**BRIEF:** The lines to repeat are those below from the one containing "Check out how" down to the one containing "Светодиодная лента SMD", both included; reproduce them exactly and nothing else.

**RECORDS FOR THIS EXERCISE:**
=== Begin Enclosure ===

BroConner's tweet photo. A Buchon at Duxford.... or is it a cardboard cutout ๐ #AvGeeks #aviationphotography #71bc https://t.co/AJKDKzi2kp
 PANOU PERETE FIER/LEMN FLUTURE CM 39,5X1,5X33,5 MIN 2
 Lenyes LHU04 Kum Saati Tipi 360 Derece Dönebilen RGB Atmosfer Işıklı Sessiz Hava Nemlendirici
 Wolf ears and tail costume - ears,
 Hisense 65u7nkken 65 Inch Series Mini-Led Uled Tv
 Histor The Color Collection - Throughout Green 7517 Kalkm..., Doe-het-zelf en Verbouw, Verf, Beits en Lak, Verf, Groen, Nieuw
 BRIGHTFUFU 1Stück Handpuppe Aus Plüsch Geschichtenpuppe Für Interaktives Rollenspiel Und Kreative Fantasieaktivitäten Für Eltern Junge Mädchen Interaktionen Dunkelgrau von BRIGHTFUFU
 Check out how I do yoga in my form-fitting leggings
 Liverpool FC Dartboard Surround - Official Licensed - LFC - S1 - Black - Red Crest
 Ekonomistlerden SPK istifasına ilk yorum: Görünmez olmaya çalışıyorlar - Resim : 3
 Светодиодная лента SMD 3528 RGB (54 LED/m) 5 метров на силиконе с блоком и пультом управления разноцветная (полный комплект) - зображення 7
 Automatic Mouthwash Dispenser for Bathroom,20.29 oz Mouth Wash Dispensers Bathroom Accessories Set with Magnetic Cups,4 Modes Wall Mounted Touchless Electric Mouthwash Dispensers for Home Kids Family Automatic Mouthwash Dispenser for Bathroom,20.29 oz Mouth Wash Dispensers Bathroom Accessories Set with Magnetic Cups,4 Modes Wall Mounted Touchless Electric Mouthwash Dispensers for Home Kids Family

=== End Enclosure ===

**EXERCISE OUTPUT:**
 Check out how I do yoga in my form-fitting leggings
 Liverpool FC Dartboard Surround - Official Licensed - LFC - S1 - Black - Red Crest
 Ekonomistlerden SPK istifasına ilk yorum: Görünmez olmaya çalışıyorlar - Resim : 3
 Светодиодная лента SMD 3528 RGB (54 LED/m) 5 метров на силиконе с блоком и пультом управления разноцветная (полный комплект) - зображення 7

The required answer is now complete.